The latest charges against BP stem from claims made recently by BP whistleblowers who exposed their company’s severe safety and maintenance problems that have caused at least a half-dozen oil spills at Prudhoe Bay—North America’s biggest oil field—and other areas on Alaska’s North Slope, which the whistleblowers say could boil over and spread to ANWR if the area is opened up to further oil and gas exploration.
And another BP cover up was brought to the government's attention last year:
Hamel [the industry watchdog] filed a formal complaint in January with the EPA, claiming he had pictures showing a gusher spewing a brown substance in July 2003 and December 2004. An investigation by Alaska’s Department of Environmental Conservation determined that as much as 294 gallons of drilling mud, a substance that contains traces of crude oil, was spilled on two separate occasions when gas was sucked into wells, causing sprays of drilling muds and oil that shot up as high as 85 feet into the air.

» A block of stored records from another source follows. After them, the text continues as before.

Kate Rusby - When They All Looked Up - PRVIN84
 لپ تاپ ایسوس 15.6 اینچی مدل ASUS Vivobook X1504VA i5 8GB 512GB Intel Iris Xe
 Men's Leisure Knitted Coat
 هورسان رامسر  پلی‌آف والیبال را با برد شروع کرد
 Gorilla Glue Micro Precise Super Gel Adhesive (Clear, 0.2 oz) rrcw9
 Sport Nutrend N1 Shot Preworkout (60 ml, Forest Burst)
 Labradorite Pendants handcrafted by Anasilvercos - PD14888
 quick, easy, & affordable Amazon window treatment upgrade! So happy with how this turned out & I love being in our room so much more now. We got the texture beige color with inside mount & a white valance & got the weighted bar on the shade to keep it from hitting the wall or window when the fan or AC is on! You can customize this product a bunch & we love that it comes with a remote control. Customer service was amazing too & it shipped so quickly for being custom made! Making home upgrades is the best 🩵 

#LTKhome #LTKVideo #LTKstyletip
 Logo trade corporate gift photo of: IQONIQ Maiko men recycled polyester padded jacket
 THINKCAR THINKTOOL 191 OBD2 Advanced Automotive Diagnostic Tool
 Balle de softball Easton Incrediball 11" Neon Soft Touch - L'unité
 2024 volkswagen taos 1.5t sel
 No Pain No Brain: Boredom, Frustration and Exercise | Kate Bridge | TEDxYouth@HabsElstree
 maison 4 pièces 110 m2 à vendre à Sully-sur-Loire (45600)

Because both spills exceeded 55 gallons, BP and Nabors were obligated under a 2003 compliance agreement that BP signed with Alaska to immediately report the spills. But they didn't, said Leslie Pearson, the agency's spill prevention and emergency response manager.
But Congress has conveniently forgotten all of this – a particularly relevant history since the exact same technology in use at Prudhoe Bay would be replicated in any ANWR drilling.
The corporate media have failed the public in any last remaining sense of civil obligation that they might feel by completely ignoring this story. President Bush and Congress have failed the public as well - not to mention the 41 Democrats in the House who voted for the Energy Bill which would open ANWR for drilling.
How much longer will we look the other way as our elected officials hand out our public resources with no concern for the consequences?